By Ed Oswald | Tuesday, April 14, 2009 at 8:41 am
No doubt we’ve heard from our grandparents how television appartently makes us stupid. Enter Facebook, the latest scorn to our intellgence. A study from Ohio State University of 219 students gauged their school performance against their Facebook usage.
While 79 percent of students expressly denied that Facebook was interfering with studying, there may have been some tangental evidence it does. Users of the site generally studied less (1-5 hours a week), and averaged GPAs between 3.0 and 3.5. However those that didn’t use Facebook studied more (11-15 hours), and had GPAs above 3.5.
Call me crazy, but researchers may have only found the obvious: the more you study, the better grades you’ll get.

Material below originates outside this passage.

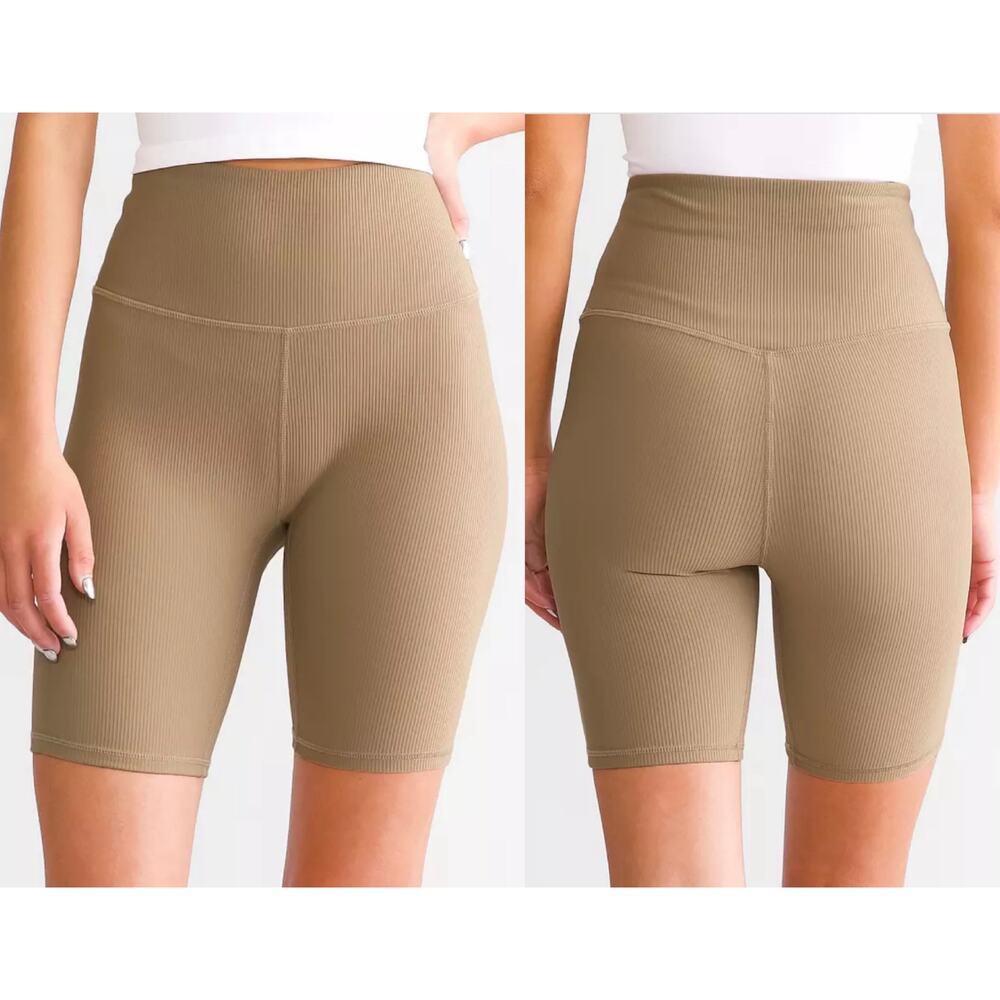 Varley Let’s Move Ribbed Biker Short in Taupe Stone Size Medium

But continuing on…
“There’s a disconnect between students’ claim that Facebook use doesn’t impact their studies, and our finding showing they had lower grades and spent less time studying,” co-author of the study and a doctoral student Aryn Kapinski said of the study.
Kapinski and crew also found that students were less likely to use Facebook if they had a job, and more likely to if they participated in extracurricular activities.

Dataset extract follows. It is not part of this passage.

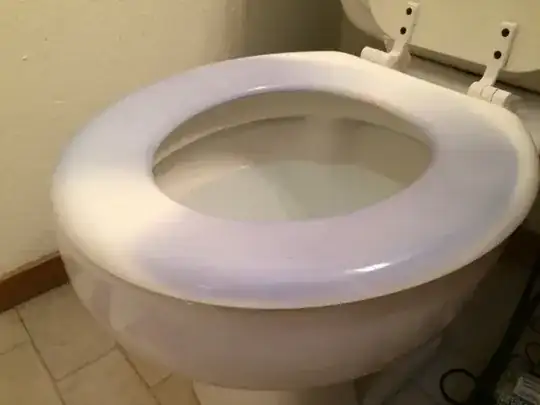 Toilet seat turned blue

Science, technology, engineering, math and business majors were most likely to use the service above other discliplines.
April 14th, 2009 at 10:34 am
I don’t see how they reached the apparent conclusion that Facebook is the CAUSE of weak study and work habits rather than the result. More likely: “People with poor study and work habits spend more time on social media.” And yeah, “Duh.”
April 14th, 2009 at 10:52 am
haha my point exactly. Study more, you get good grades!

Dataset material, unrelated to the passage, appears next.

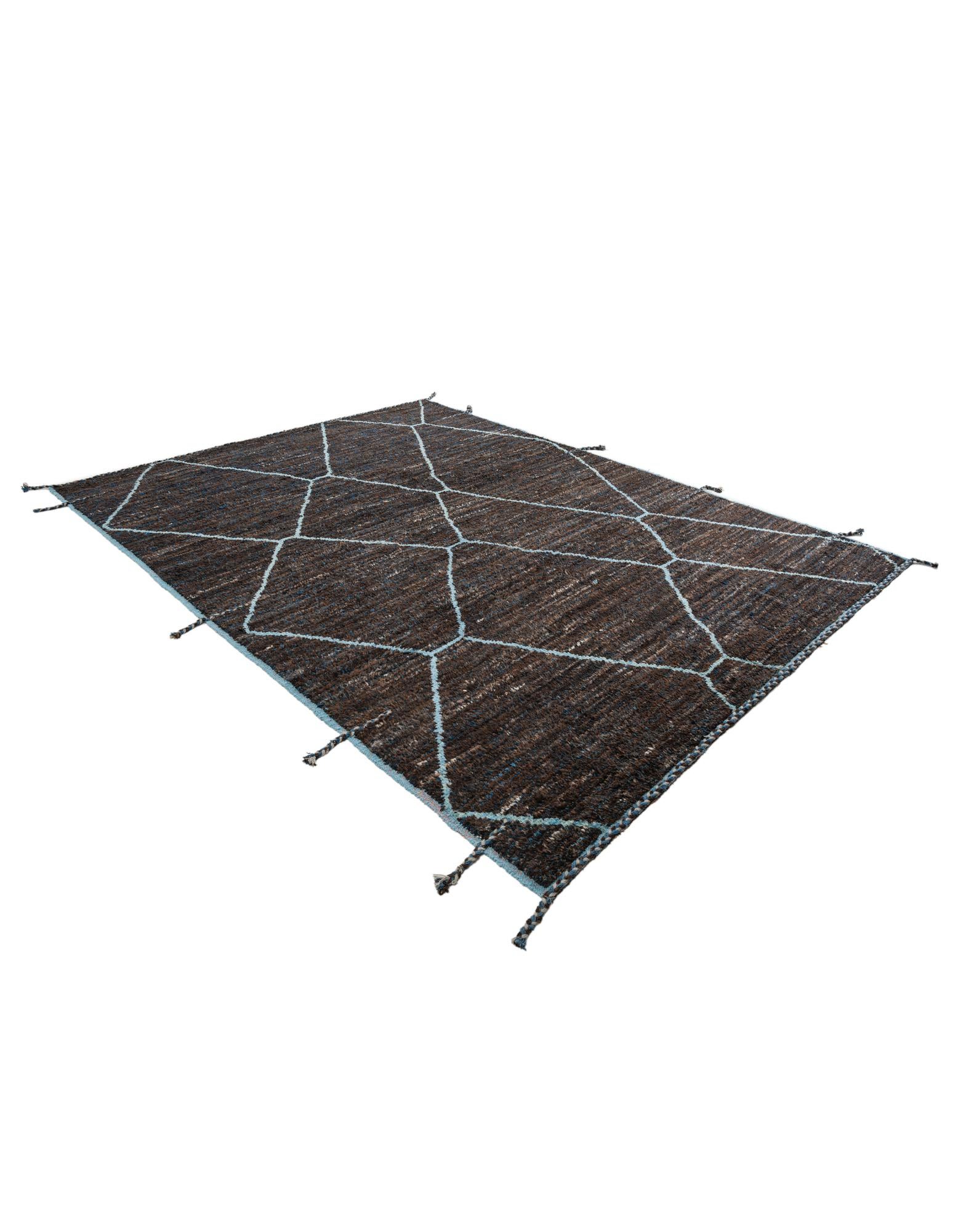 8' x 10' 2 Hand Knotted Moroccan Wool Rug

April 14th, 2009 at 5:11 pm
At least I’m not paying for this study, I don’t live in Ohio; unless the Feds are throwing money at it.
May 10th, 2009 at 8:22 pm
I just wonder why more people don’t realize what Facebook means in terms of social engineering based hacker attacks (how many people use their children or family names as passwords) and how 20-somethings are going to regret some of their web disclosures in 20 years time (just as 20-somethings have always done).